**MATERIAL SHOWN**:
::::

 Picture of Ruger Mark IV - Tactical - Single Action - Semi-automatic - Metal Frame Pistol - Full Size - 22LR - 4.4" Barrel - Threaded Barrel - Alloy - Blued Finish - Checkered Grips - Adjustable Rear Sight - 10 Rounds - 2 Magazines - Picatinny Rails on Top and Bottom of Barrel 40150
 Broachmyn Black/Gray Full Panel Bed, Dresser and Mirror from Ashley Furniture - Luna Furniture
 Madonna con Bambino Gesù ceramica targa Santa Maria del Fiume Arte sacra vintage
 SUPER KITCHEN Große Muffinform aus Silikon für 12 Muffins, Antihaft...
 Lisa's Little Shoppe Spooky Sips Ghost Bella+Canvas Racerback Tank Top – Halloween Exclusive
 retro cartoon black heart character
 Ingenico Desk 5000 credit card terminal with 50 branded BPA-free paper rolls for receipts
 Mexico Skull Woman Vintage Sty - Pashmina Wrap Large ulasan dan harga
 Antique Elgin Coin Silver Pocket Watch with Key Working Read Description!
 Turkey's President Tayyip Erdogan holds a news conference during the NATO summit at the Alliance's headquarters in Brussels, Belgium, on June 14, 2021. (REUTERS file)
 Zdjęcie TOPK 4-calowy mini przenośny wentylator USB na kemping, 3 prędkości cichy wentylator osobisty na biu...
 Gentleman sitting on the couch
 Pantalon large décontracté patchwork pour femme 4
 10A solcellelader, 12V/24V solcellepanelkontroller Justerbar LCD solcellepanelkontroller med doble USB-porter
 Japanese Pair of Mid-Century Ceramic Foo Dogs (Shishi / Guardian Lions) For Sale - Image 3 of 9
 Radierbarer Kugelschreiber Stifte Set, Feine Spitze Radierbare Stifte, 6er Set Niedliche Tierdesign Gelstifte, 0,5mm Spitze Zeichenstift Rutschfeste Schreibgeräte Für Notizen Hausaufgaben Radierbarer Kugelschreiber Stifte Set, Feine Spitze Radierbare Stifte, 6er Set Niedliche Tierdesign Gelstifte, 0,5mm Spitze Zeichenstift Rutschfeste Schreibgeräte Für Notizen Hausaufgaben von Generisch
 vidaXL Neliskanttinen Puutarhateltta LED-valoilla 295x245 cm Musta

::::

**WORK REQUIRED**: Copy out every line in the entries above that holds "Full".

**RESULT OF THE EXERCISE**:
 Picture of Ruger Mark IV - Tactical - Single Action - Semi-automatic - Metal Frame Pistol - Full Size - 22LR - 4.4" Barrel - Threaded Barrel - Alloy - Blued Finish - Checkered Grips - Adjustable Rear Sight - 10 Rounds - 2 Magazines - Picatinny Rails on Top and Bottom of Barrel 40150
 Broachmyn Black/Gray Full Panel Bed, Dresser and Mirror from Ashley Furniture - Luna Furniture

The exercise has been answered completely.